A familiar take on the dynamics of class differences and crime in the capital
Somak Ghoshal Somak Ghoshal | 20 Mar, 2023
(Illustration: Saurabh Singh)
The title of Deepti Kapoor’s latest novel, Age of Vice, is a literal translation of Kali Yuga—also described as “the losing age”, elsewhere in the book, which is hurtling us all towards a state of apocalyptic dissolution. In terms of its ambition, the story is epic, running for over 500 pages, though its pulpy energy makes for quick reading.
At the heart of it all is Sunny Wadia, the debauched son of business tycoon Bunty Wadia, whose malpractices and political accomplices have made him staggering amounts of wealth. Sunny is the Prince of Delhi, the heir apparent to his father’s bounty and the sun at the center of his self-created solar system, around whom a host of characters revolves. Apart from the usual hangers-on, there is Neda Kapur, a crime reporter, who becomes his unlikely love interest, and Ajay, a low-caste man, rescued from oblivion by Sunny and given a fresh lease of life and power. Neda and Ajay, the two foundational pillars of Sunny’s world, predictably come to sorry ends because of the mess he spawns around him.
The tone of the story is set in the very first page, where a group of sleeping pavement dwellers is run over by a car. This trail of blood—punctuated with sex, drugs and alcohol—runs till the bitter end, where, in a Hamlet-like finale, the stage is left strewn with corpses. In between, the action moves from Manali to London to Goa, though the plot remains anchored in Delhi-NCR.
Readers familiar with Kapoor’s debut novel, A Bad Character, would know the pivotal role that the National Capital Region plays in her imagination. In both books, appearing nearly 10 years apart, Delhi is a microcosm for modern India and everything that ails it. In A Bad Character, Kapoor struggled at times with her experimental style to capture the essence of this murky world. But Age of Vice paints a similar landscape with broader strokes. There are coke-fueled parties galore, car chases, casual violence, everything you expect from a potboiler, and some more.
Age of Vice is driven by action, not so much by the inward-looking monologues that characterised A Bad Character. Although we get glimpses into Sunny’s childhood—his mother’s suicide and his uncle Vicky’s insidious hand behind it—there isn’t the same depth of attention to Neda’s history. Ajay, who has the makings of an arresting character, is forced to carry the burden of destiny that is assigned to him. He is the embodiment of caste injustice—his family destroyed by upper-caste thugs, he is sold into benign slavery as a boy. Even after he is redeemed by Sunny, Ajay cannot exact the revenge he wants, because his servile loyalties demand that he sacrifices his desires on the altar of his master’s greed. It is only during the time he spends in Tihar Jail that he reveals a vulnerability and craving for affection he cannot allow himself to express otherwise.
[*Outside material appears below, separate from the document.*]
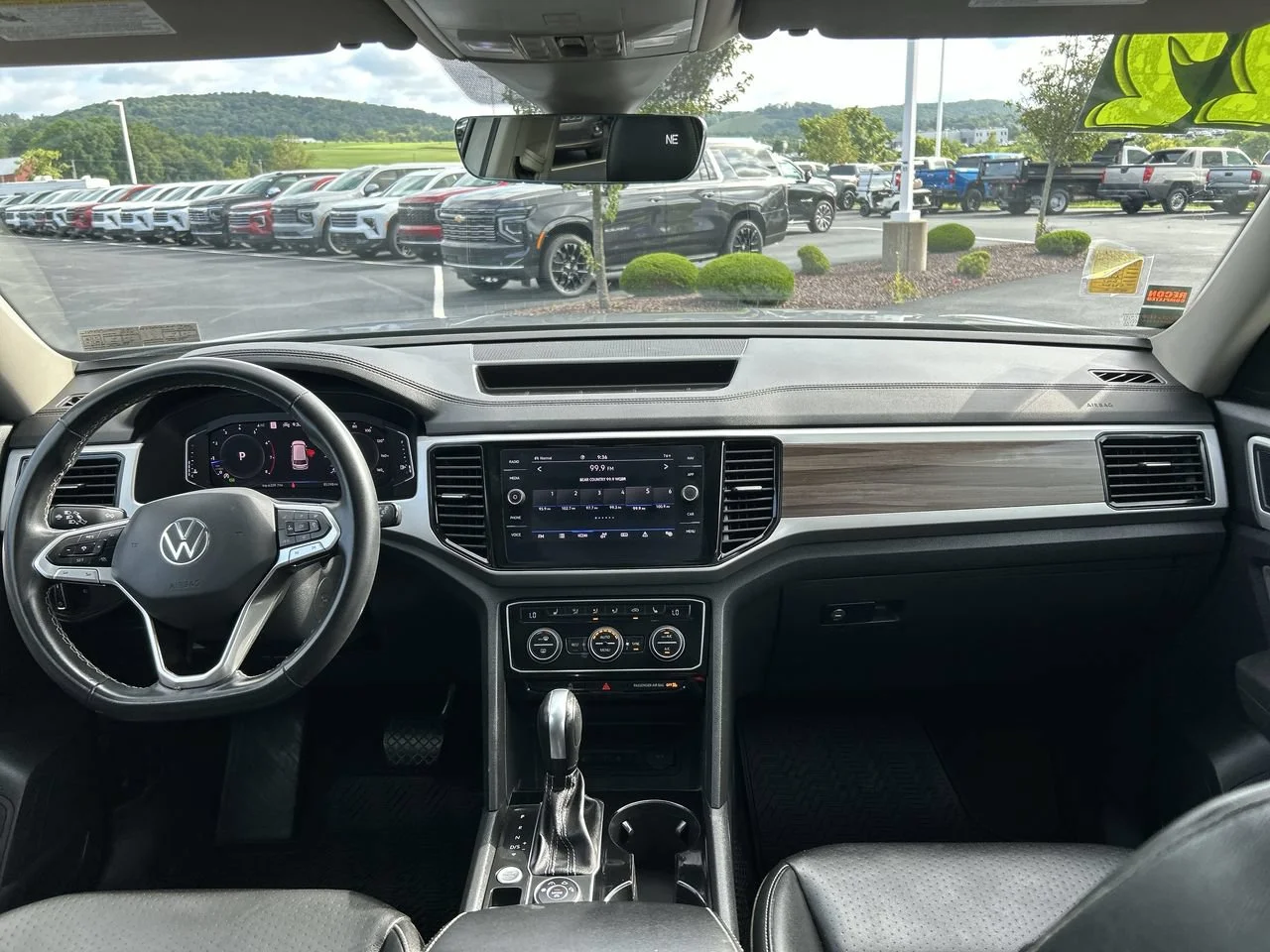 Used 2022 Gray Volkswagen 2.0T SEL image 16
With Age of Vice, Kapoor has overcome the stylistic glitches that affected her first novel. Despite its meandering temporal and geographical shifts, the story is told with confidence and an assured sense of control, at times reminiscent of Vikram Chandra’s magisterial Sacred Games (2008). For Indian readers, though, Kapoor’s fictional terrain may seem too familiar, and a bit dated.
Fifteen years ago, Chandra’s achievement had felt fresh and urgent, not only because he held up a mirror to India, but also because he rewired our everyday realities. Those stories of murder and mayhem that get buried into a few square inches on newspapers assumed, in his expert telling, a vividness larger than life. Kapoor invokes the same template, almost down to the last detail (the long sequence in Tihar Jail, for instance) but, in spite of her impressive command as a storyteller, ends up being just a pale imitator of the genius of a writer like Chandra.